Konfigurieren der PingFederate-Authentifizierungsrichtlinie

Konfigurieren Sie die PingFederate-Authentifizierungsrichtlinie für den Verbund mit den verschiedenen Identitätsanbietern, die von den Azure AD B2C-Mandanten bereitgestellt werden.

  1. Richten Sie einen Vertrag zur Überbrückung der Attribute zwischen den Identitätsanbietern und dem Dienstanbieter ein.

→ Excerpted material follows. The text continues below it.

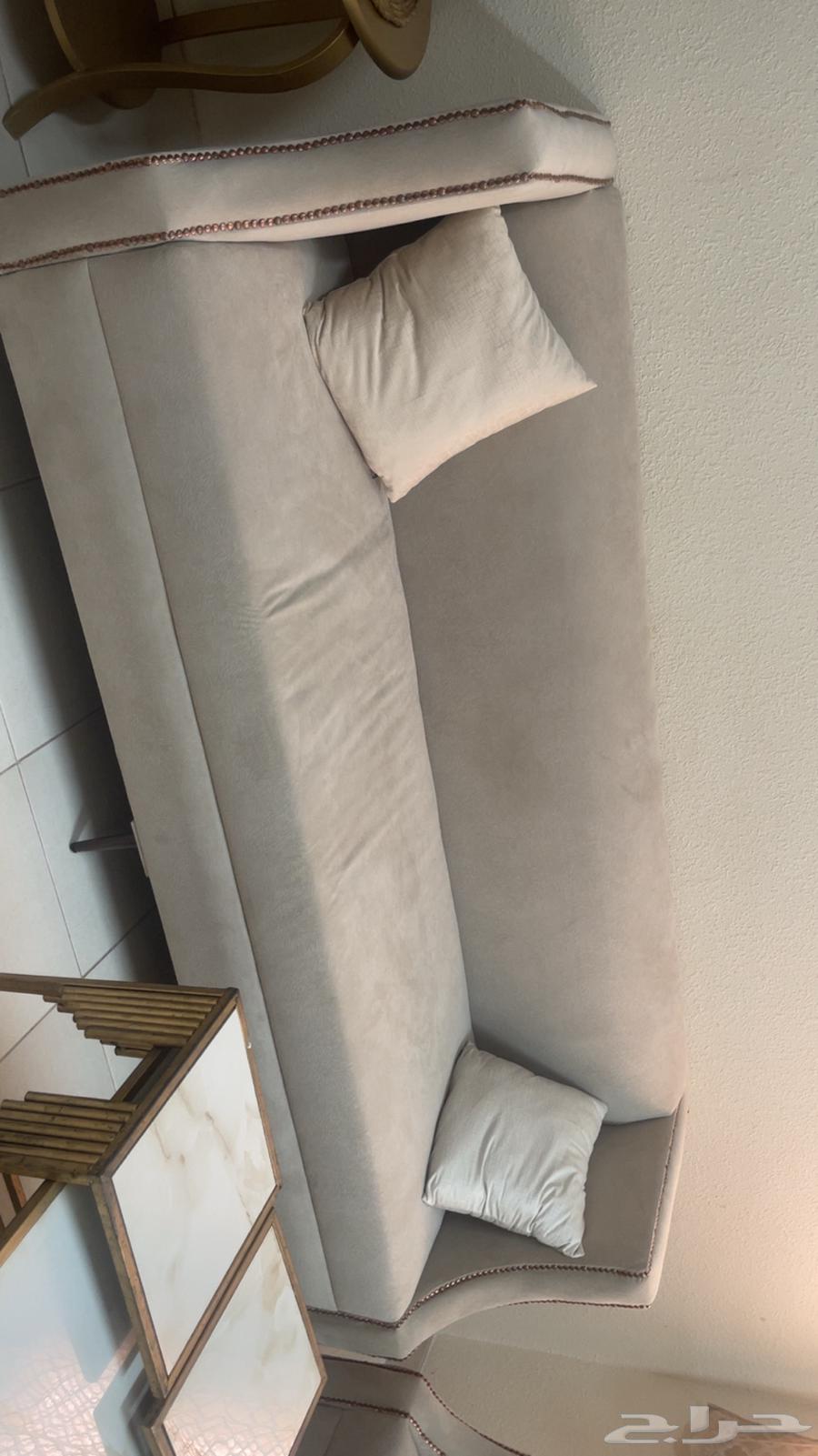 كنب ثلاث قطع جديد لم يستخدم64434999587330112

Weitere Informationen finden Sie unter Federation hub and authentication policy contracts (Verträge für Verbundhubs und Authentifizierungsrichtlinien). Sie benötigen wahrscheinlich nur einen Vertrag, es sei denn, der Dienstanbieter verlangt von jedem Identitätsanbieter einen anderen Attributsatz.

  2. Erstellen Sie für jeden Identitätsanbieter eine Verbindung zwischen Identitätsanbieter und PingFederate mit dem Dienstanbieter als Verbundhub.

  3. Fügen Sie im Fenster Target Session Mapping (Zielsitzungszuordnung) die betreffenden Authentifizierungsrichtlinienverträge für die Verbindung mit dem Identitätsanbieter hinzu.

  4. Konfigurieren Sie im Fenster Selectors (Selektoren) einen Authentifizierungsselektor. Sehen Sie sich zum Beispiel eine Instanz des Identifier First Adapter an, um jeden Identitätsanbieter der entsprechenden Verbindung in einer Authentifizierungsrichtlinie zuzuordnen.

  5. Richten Sie eine Dienstanbieterverbindung zwischen PingFederate, dem Verbundhub als Identitätsanbieter und dem Dienstanbieter ein.

  6. Fügen Sie im Fenster Authentication Source Mapping (Zuordnung der Authentifizierungsquelle) den entsprechenden Authentifizierungsrichtlinienvertrag der Dienstanbieterverbindung hinzu.

  7. Arbeiten Sie mit den einzelnen Identitätsanbieter zusammen, um eine Verbindung mit PingFederate mit dem Verbundhub als Dienstanbieter herzustellen.

  8. Arbeiten Sie mit dem Dienstanbieter zusammen, um eine Verbindung mit PingFederate mit dem Verbundhub als Identitätsanbieter herzustellen.